### PROBLEM STATEMENT
Could you restate the entries below word for word and leave out the pictures?

───── GIVEN DATA

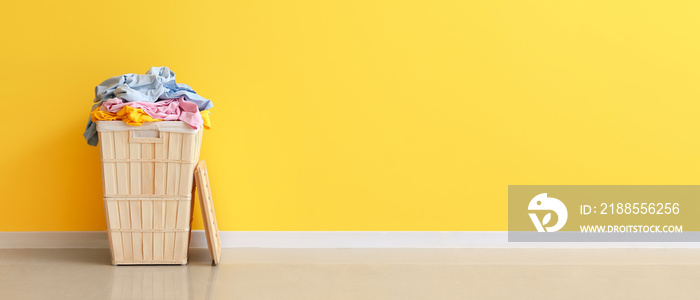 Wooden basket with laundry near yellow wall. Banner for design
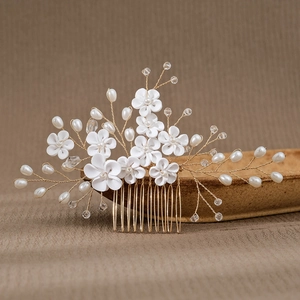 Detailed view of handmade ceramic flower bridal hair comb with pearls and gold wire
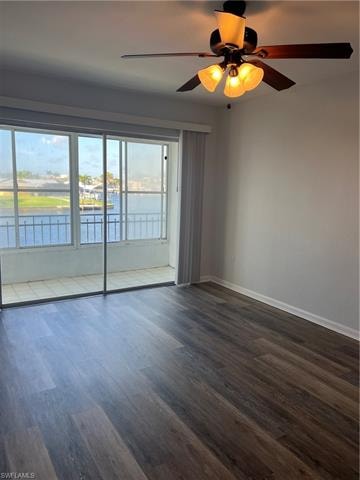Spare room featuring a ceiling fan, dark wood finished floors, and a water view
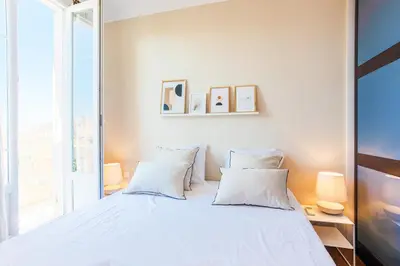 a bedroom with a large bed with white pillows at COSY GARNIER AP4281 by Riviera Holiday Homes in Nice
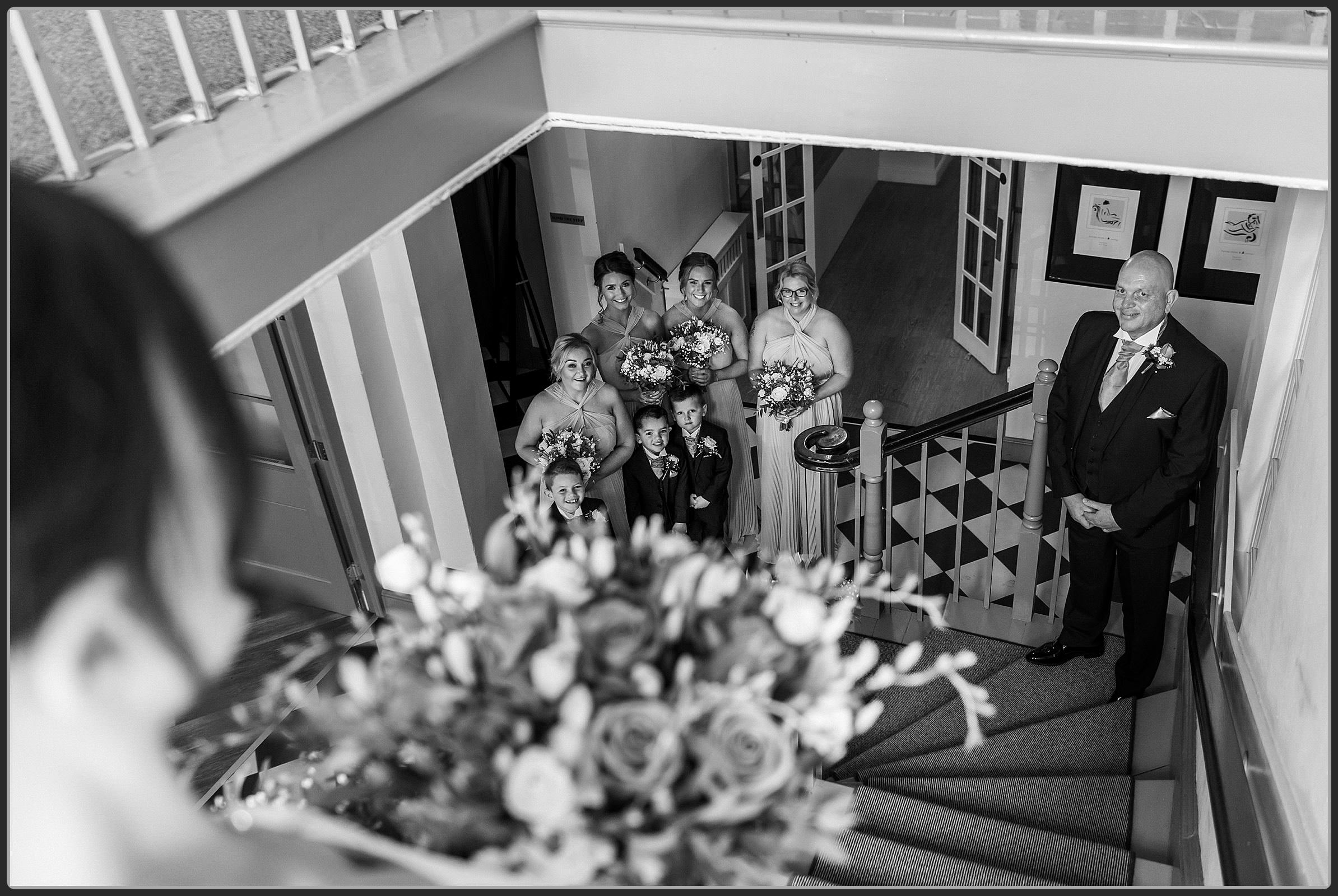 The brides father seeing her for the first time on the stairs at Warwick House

──────────

### SOLVED EXERCISE
 Wooden basket with laundry near yellow wall. Banner for design
 Detailed view of handmade ceramic flower bridal hair comb with pearls and gold wire
Spare room featuring a ceiling fan, dark wood finished floors, and a water view
 a bedroom with a large bed with white pillows at COSY GARNIER AP4281 by Riviera Holiday Homes in Nice
 The brides father seeing her for the first time on the stairs at Warwick House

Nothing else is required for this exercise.